You’re empathic, so you’re trying to understand the world from their own position and you’re non-judgmental. You’re accepting of the kind of issues that someone is presenting with to try and create a trusting warm environment for that person to actually explore the difficulties they’re fighting at that point in time. I think often counseling psychologists also try to embrace or understand some of the power relationships that go on within those types therapeutic work.
The therapist will be to create a warm and accepting fertile environment for that person to explore the complexities they’re encountering within their life. That sort of brings with it an exploration of the power relationships within the therapeutic work as well. So really thinking that therapist is in a very powerful position, people commonly present or come to counseling in a relatively vulnerable position and so being mindful of being able to create that warm facilitative environment in which someone may not feel that the therapist is going to tell them what to do. It becomes very important to counseling psychologists and instead of adopting this position that is really kind of embracing the idea that people can grow, that they have choices within their world. It sort of counters some of the typical psychological frame in which I think we commonly view people as having problems and then they will be resolved by the therapist. This creates a conflict between the kind of position that researchers now go within the works of psychologists.
That sort of combination of valuing the theory and being informed by the theory and valuing the research and being informed by the research creates a complex decision-making process rather than a necessarily simple one where a person has a particular diagnosis and this response will cure them. I think it often becomes a much more creative responsive human-to-human endeavor. That creativity and flexibility become an important part of the work that I can see psychologist would undertake with someone. The two frames I guess you might consider are that the commonly described as even the scientist’s practitioner framework, the one that’s very informed by science and research and maybe the reflective practitioner side. So the reflective practitioner side, unlike the scientist’s, which may be dictated or dominated by research, is really the area of therapist’s work that is influenced by themselves and they use themselves as a tool.

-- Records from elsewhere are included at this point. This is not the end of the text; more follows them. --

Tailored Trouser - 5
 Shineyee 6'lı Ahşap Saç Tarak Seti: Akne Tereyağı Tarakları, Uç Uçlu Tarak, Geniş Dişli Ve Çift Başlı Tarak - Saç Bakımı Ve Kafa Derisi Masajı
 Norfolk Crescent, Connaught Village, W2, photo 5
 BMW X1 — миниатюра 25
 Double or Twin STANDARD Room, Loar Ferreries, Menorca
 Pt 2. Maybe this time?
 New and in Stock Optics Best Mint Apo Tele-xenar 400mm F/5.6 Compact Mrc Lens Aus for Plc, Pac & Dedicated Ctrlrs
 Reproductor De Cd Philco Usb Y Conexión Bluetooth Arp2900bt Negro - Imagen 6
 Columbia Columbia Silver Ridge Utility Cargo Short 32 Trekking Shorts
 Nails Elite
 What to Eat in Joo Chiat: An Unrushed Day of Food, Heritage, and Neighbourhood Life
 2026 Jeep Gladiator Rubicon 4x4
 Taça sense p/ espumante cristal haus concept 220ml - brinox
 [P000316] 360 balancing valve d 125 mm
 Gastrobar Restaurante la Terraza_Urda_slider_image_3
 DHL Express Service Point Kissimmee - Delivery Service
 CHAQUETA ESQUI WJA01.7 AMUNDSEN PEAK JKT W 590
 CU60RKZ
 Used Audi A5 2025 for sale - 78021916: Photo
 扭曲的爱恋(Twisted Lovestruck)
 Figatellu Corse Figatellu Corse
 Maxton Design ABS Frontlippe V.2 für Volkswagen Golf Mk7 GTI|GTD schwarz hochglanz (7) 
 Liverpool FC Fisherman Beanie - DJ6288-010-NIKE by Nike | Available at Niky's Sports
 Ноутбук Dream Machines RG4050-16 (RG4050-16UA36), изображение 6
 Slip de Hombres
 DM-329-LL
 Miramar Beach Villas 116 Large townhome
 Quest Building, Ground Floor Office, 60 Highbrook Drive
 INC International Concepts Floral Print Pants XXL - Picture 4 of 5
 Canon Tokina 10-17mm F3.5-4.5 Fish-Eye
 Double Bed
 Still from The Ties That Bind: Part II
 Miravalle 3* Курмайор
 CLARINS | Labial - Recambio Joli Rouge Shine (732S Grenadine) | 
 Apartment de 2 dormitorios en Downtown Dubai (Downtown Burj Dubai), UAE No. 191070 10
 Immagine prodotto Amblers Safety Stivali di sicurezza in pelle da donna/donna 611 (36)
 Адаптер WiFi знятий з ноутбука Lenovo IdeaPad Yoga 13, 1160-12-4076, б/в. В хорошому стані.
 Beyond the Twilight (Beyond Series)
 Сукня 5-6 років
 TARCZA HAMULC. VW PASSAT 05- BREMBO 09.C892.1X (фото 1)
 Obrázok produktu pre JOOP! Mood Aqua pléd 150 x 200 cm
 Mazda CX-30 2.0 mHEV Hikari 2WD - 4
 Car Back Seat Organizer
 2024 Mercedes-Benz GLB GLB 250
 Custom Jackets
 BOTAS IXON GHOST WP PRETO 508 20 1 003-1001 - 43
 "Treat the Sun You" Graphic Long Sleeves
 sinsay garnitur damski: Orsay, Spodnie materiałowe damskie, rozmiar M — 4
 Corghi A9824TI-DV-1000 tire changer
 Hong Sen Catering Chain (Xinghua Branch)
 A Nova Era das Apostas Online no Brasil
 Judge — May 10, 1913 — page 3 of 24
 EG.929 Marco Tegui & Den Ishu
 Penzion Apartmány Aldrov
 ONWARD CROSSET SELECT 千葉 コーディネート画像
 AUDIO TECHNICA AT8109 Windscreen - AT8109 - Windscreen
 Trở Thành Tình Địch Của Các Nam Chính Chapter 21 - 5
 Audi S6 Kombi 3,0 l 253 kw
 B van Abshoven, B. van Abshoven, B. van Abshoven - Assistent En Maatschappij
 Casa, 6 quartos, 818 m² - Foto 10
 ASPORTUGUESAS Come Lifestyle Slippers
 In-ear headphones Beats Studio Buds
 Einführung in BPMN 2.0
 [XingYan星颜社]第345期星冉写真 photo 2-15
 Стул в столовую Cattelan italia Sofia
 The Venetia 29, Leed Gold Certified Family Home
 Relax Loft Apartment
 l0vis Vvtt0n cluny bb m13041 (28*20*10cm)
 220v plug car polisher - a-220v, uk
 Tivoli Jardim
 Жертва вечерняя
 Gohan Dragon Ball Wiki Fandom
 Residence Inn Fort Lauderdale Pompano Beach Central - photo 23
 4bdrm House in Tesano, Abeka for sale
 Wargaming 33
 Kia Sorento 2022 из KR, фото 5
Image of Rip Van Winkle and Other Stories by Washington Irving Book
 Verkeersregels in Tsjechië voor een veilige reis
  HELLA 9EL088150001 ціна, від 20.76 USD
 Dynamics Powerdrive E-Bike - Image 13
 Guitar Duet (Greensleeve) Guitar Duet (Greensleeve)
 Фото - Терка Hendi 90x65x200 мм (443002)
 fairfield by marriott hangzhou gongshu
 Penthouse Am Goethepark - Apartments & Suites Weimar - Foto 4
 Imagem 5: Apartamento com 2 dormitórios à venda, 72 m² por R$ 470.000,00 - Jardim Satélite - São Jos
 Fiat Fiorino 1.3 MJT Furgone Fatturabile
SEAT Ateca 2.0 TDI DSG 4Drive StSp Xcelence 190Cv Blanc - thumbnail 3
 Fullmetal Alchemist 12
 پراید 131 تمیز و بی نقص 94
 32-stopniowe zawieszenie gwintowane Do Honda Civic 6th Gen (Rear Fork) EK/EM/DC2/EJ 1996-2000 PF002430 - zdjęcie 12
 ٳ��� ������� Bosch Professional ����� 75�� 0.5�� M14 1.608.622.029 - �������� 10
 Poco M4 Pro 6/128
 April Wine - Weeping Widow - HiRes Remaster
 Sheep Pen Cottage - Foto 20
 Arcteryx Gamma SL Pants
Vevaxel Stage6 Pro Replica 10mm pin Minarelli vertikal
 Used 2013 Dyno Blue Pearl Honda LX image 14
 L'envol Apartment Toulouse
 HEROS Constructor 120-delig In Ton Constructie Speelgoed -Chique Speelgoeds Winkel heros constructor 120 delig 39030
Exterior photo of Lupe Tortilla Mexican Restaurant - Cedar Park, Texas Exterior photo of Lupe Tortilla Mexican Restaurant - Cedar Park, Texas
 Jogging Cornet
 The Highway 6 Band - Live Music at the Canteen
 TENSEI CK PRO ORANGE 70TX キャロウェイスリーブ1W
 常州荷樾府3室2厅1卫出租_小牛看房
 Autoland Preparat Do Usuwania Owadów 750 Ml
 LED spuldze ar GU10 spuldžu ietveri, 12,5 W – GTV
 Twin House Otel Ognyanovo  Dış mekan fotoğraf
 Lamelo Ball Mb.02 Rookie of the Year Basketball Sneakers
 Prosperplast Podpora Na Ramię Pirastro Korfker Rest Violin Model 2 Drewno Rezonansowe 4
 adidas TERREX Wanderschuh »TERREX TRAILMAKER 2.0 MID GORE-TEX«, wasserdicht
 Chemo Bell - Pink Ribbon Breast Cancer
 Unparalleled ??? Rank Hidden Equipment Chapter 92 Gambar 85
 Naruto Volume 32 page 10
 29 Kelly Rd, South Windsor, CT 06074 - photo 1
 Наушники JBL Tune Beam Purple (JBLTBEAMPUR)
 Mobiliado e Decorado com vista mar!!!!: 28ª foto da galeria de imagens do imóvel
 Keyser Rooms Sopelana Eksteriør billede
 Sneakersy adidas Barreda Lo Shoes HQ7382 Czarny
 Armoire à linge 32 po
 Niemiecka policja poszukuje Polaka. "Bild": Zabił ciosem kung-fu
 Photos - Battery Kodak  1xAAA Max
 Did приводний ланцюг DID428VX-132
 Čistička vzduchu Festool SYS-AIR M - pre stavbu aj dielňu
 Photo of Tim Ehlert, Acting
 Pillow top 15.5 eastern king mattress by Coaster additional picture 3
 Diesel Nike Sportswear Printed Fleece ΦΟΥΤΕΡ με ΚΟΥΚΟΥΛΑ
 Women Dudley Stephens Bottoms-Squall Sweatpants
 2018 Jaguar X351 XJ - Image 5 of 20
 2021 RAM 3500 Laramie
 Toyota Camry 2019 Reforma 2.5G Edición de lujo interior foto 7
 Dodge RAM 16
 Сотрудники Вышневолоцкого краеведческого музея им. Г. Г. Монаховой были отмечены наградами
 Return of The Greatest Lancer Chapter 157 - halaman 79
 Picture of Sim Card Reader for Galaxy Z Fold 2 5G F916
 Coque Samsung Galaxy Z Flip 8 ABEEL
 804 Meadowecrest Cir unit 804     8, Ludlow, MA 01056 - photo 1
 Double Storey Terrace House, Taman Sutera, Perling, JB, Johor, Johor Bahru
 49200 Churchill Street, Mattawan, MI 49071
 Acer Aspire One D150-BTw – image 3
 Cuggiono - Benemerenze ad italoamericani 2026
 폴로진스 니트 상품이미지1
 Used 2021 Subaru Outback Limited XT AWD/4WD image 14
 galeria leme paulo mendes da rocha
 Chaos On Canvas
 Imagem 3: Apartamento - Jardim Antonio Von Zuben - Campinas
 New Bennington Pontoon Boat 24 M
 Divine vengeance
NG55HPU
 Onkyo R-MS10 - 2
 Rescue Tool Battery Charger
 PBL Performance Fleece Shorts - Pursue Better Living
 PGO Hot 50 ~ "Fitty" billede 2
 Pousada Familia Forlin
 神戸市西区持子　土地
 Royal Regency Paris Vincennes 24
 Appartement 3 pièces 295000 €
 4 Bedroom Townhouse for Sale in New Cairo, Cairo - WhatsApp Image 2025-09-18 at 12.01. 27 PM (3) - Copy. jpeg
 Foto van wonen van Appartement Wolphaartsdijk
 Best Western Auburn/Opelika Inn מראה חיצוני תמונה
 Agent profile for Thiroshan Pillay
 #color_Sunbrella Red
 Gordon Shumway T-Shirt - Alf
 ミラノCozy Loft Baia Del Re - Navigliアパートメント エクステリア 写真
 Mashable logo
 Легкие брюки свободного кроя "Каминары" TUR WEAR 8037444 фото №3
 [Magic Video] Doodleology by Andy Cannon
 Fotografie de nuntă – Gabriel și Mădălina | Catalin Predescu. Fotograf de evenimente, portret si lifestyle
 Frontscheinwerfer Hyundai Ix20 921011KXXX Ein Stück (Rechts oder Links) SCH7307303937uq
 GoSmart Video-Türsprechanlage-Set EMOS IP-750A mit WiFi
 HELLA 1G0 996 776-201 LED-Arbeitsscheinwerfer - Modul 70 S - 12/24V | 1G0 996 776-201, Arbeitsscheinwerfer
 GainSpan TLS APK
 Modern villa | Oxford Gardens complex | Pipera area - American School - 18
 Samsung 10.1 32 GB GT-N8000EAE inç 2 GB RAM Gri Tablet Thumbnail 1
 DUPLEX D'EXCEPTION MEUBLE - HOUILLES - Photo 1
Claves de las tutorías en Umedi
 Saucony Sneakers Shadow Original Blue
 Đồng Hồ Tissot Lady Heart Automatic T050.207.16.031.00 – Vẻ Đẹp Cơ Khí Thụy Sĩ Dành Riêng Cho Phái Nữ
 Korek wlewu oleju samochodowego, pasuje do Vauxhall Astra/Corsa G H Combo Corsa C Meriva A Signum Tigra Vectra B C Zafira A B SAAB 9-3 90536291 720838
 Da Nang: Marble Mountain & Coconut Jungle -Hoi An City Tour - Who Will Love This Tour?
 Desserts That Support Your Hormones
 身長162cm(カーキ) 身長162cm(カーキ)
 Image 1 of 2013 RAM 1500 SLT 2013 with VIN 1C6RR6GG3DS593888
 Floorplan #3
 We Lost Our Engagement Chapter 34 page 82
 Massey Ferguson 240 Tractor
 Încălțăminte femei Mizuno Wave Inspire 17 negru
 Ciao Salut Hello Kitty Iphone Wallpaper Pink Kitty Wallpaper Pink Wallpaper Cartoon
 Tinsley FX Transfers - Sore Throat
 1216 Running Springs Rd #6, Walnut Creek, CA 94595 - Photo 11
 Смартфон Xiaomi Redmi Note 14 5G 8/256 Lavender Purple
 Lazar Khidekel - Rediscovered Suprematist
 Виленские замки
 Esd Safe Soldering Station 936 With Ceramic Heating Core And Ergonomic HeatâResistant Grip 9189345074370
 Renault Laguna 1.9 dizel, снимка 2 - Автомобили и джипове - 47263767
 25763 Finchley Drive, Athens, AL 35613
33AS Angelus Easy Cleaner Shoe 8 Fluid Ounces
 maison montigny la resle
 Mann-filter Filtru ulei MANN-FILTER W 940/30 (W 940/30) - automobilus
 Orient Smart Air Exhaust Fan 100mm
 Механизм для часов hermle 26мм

Typically a counseling psychologist would not only understand the theory and research that they may be utilizing, but they will also undertake personal therapy themselves and they would engage in clinical supervision.
And clinical supervision is commonly, or it might crudely be viewed as a form of therapy for therapists. So when an individual is working with people who might be very seriously distressed, clinical supervision could be a very useful space for the therapist to talk about how they are responding to their own personal responses to hearing all this trauma, or whatever presenting issues people commonly come with. To summarize in terms of the key bits that I would flag up, I think counseling psychology and counseling psychologists use of theory is often really embedded within the humanistic framework that may be challenging to the more medical model side of psychology or emphasis that gets placed on in psychology.
Valuing of the therapeutic relationship and really creating a strong relationship for complex and hard conversations to be held, alongside this almost willingness to understand oneself as a therapist, coverage is talked about the idea of therapeutic work being. And I think commonly a lot of therapists and counseling psychologists would resonate with that as an idea in a sense that I may be working as a professional counseling psychologist, but lots of the ideas and concepts are valuable to me, would also be parts of my everyday life as well.